Problems using alternative tests (i.e. anova) PART-II
gundalav opened this issue · 2 comments
I have the following data
library(tidyverse)
library(ggsignif)
set.seed(1)
a <- rnorm(n = 10, mean = 5, sd = 1)
b <- rnorm(n = 10, mean = 5.8, sd = 1)
data <- data.frame(label = c(rep("A", 10), rep("B", 10)), id = c(1:10, 1:10),
value = c(a, b))
And I perform the one-way anova pot using this code:
a <- aov( value ~ label, data)
summary(a)
Which produces:
Df Sum Sq Mean Sq F value Pr(>F)
label 1 4.201 4.201 4.793 0.042 *
Residuals 18 15.779 0.877
---
Signif. codes: 0 ‘***’ 0.001 ‘**’ 0.01 ‘*’ 0.05 ‘.’ 0.1 ‘ ’ 1
Notice the p-value is 0.042.
However when I tried with ggsignif with this code:
ggplot(data, aes(x = label, y = value )) +
geom_boxplot() +
geom_signif(comparison = list(c("A", "B")), y_position = 11, test = function(a, b) {
list(p.value = summary(aov(a ~ b))[[1]][["Pr(>F)"]][[1]])
})
I got this:
Note the p-value stated there is 0.28 instead of 0.042.
What's the right way to do it, so that I can put the 0.042 value inside the plot?
Hi gundalav,
thank you for the detailed and easy to reproduce question.
The problem is that arguments a
and b
in the test=function(a, b){...}
work slightly different than you assume.

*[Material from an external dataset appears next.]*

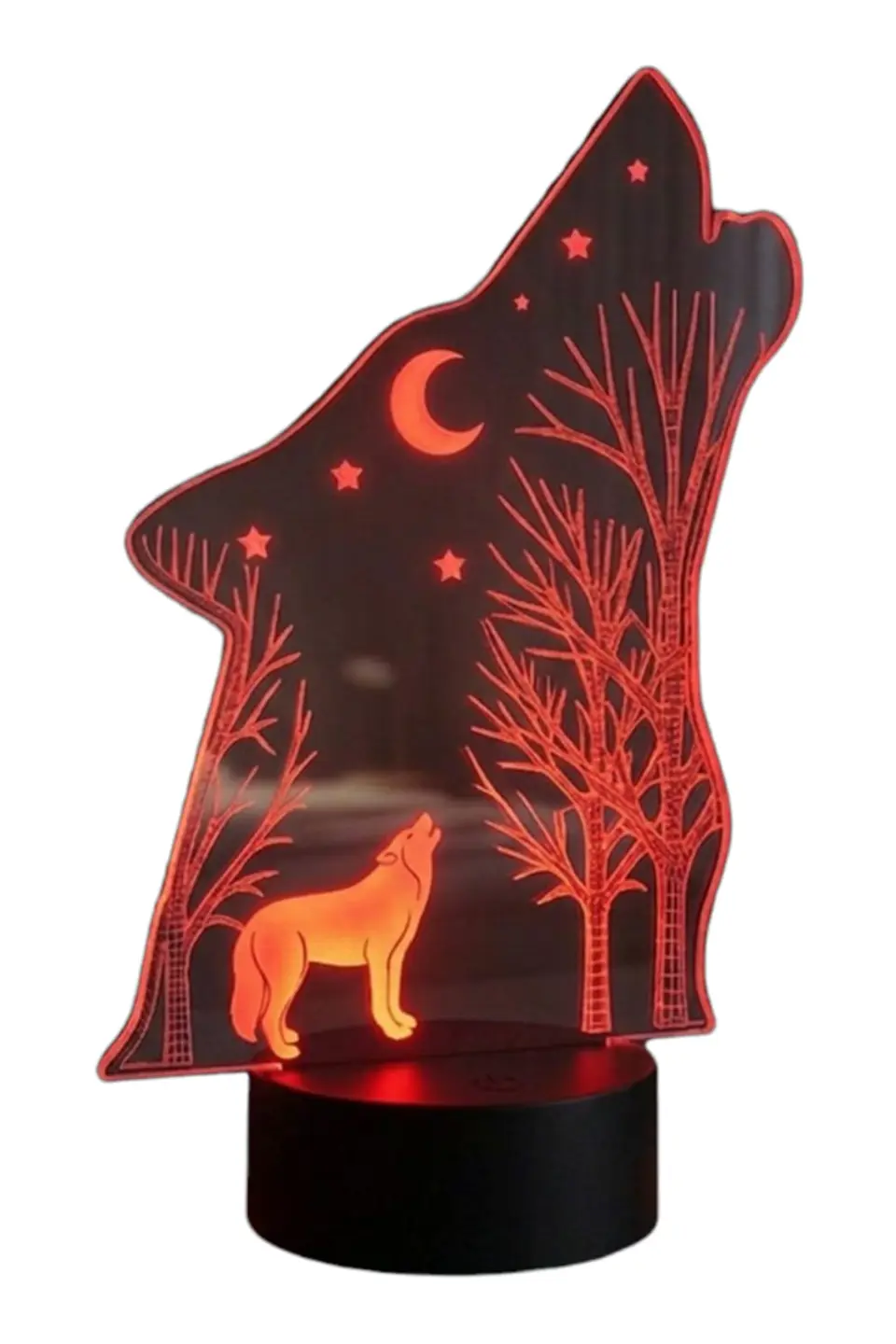 Lampara 3D Lobo de 7 colores 3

The easiest way to see this is to add browser()
call inside the function like this (which is actually a super-powerful general way to debug problems):
ggplot(data, aes(x = label, y = value )) +
geom_boxplot() +
geom_signif(comparison = list(c("A", "B")), y_position = 11, test = function(a, b) {
browser()
list(p.value = summary(aov(a ~ b))[[1]][["Pr(>F)"]][[1]])
})
To get the p-value that you expect, you would have to do the following:
ggplot(data, aes(x = label, y = value )) +
geom_boxplot() +
geom_signif(comparison = list(c("A", "B")), y_position = 11, test = function(a, b) {
tmp_label <- c(rep("A", length(a)), rep("B", length(b)))
tmp_values <- c(a, b)
list(p.value = summary(aov(tmp_values ~ tmp_label))[[1]][["Pr(>F)"]][[1]])
})
Best, Constantin
Thank you. That does it.